Tools and technologies

For this project, I have decided to choose Python because it has a lot of useful libraries available to get the job done.  As an example, we use two different sql libraries so we can easily insert data into our RedShift datawarehouse (either with individual statement or from dataframe directly).

And by exploring data using Jupyter Notebook, we can examine data interactily.  

Also, python gives us an option to execute code via the console so we can be more process efficient when importing the large immigration files.

We are very lucky that the immigration data set is fairly clean and we do not need to spend a lot of time to clean or transform those data.

The only thing I changed is to replace NaN value for decimal into 0 and empty string for other NaN data.

We decided to use RedShift as our main database backend because we can easily scale up when we need to look at more data (the beauty of the cloud).

##### * Propose how often the data should be updated and why.

We should be importing the immigration data on monthly basis as we receive new data.  Due to the current unstable US administration, I am curious how that affect the movement of immigration if we can tie to the change upon activation of new immigration law.  

And as we import more immigration data, we will need to update the remaining dimension tables to cover the changes.

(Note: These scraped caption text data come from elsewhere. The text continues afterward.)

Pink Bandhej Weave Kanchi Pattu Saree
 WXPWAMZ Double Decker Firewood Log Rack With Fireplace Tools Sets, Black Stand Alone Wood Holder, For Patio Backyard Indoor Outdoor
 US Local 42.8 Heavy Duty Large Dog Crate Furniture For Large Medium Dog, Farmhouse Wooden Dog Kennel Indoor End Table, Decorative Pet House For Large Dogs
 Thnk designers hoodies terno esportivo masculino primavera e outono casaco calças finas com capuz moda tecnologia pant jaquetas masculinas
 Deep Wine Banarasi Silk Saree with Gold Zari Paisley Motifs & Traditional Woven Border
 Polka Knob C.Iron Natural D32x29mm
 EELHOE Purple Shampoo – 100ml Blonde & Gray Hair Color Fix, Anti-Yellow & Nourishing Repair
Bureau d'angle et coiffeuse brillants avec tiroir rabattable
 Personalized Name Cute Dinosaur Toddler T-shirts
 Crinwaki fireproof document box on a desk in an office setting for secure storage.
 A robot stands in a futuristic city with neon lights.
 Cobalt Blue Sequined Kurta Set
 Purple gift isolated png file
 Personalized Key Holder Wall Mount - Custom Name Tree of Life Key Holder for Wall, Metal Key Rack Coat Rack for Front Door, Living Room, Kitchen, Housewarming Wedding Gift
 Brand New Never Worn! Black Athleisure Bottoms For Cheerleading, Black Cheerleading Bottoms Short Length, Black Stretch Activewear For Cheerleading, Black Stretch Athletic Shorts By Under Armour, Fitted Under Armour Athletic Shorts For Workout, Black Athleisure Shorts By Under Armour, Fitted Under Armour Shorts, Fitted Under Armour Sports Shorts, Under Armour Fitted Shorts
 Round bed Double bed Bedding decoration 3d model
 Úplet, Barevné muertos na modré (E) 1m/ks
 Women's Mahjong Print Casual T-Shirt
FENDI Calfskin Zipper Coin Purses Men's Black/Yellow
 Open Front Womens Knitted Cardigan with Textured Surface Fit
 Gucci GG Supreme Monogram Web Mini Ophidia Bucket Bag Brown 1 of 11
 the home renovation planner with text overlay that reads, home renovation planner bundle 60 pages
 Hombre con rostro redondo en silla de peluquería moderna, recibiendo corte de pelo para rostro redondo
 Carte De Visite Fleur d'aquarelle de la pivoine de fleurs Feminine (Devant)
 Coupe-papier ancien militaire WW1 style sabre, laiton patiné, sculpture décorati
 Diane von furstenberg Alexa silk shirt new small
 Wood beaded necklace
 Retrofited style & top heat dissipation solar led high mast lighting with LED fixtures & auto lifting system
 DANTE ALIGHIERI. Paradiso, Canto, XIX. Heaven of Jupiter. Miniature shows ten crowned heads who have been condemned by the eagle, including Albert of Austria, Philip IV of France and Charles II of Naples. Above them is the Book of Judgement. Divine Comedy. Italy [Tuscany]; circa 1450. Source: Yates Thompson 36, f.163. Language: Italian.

##### * Write a description of how you would approach the problem differently under the following scenarios:


##### * The data was increased by 100x.

If the data increase by 100x, we will want to utilize AirFlow as we can schedule and monitor the importing progress better.  Jupyter notebook as it's strength and weakness.  Process large amount of data is definitely something you don't want to do with the notebook.  We might also want to partition the fact table by date.

##### * The data populates a dashboard that must be updated on a daily basis by 7am every day.

We can use Airflow and utilize it's SLA feature to monitor and make sure data arrives according to the requirement.,


##### * The database needed to be accessed by 100+ people.

This will not be a problem since we currently putting data into the RedShift already.  We can easily scale up the process to support 100+ people.